An article in today’s FD caught my attention: “Banken willen belang nemen in worstelende bedrijven” (Banks are looking to invest in equity of companies that are struggling).
In short, banks are in talks with the Ministry of Finance and Economic Affairs and are contemplating the establishment of a “recovery fund” that is capable of boosting SME solvency. Moreover institutional, governmental as well as retail resources are being considered to join the effort.
The term “recovery fund” sounds very promising indeed, a much needed helping hand in these incredibly challenging times for entrepreneurs.
However, what is surprising is that this fund would a) solely cater for equity investment, b) focus on larger SMEs and c) select only those enterprises that have a bright future ahead, once the pandemic has subsided.
Although there is nothing wrong with depicting viable businesses, the approach by the banks raises a couple of serious questions.
A number of things to unpack here:
The most important aspect is the potential for a conflict of interest. The role of a creditor differs vastly from that of a shareholder, in terms of control, governance, risk & reward and accountability, to name but a few items. A single person or organisation is hardly capable of managing both roles, switching hats continuously in the process. Even having these assets managed at arms length is a considerable challenge for any bank. Trying to manage both roles nonetheless carries the risk of an opportunistic approach (not to be confused with opportunity risk). Potential investors should be very much aware of this. After all, equity investors, shareholders, commonly take the first hit if things turn out differently than expected. For instance, when viable businesses turn out not to be so viable after all.

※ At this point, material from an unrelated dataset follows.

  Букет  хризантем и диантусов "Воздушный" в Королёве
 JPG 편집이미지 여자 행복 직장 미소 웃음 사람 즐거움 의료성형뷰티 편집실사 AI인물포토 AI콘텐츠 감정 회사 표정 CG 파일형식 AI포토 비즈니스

Viable business – in or out?
In the article, risk assessment is being praised (by the banks) as being one of the virtues of bank involvement. The message, banks are perfectly capable of selecting viable businesses to invest in. That raises a couple of questions as well.
First, if banks are indeed eminently suitable for picking the winners, wouldn’t they have done so already? After all, why would there be a need for a selection, if the risk assessment has been right so far?
Secondly, how does one select viable business cases? A recent publication by the IMF that also explored the possibilities of solvency support, explicitly mentioned the challenge of making a meaningful selection, stating that banks and investors would have difficulty in identifying “viable firms under high uncertainty”. It would be interesting to learn how the initiating banks have resolved this challenge and what eligibility criteria they will be looking to apply.
The intention is to focus on larger enterprises, given the importance of their contribution to employment. That is admirable. However, the majority of enterprises does not fall into this category. The question is, if employment is such an important consideration, then why are smaller enterprises not being considered?
Banking on “capacity”
A genuine effort for recovery is worthy of praise. More importantly, banks can play a tremendously vital role in such an effort, in their capacity as creditors. This can be achieved by means of debt relief, debt restructuring and business support in the short term. Going forward, banks should be working alongside institutional investment in developing risk assessments and providing SMEs (small and large) access to finance. This will help develop a healthy, innovative and diverse entrepreneurial landscape, that can make a sustainable contribution to employment.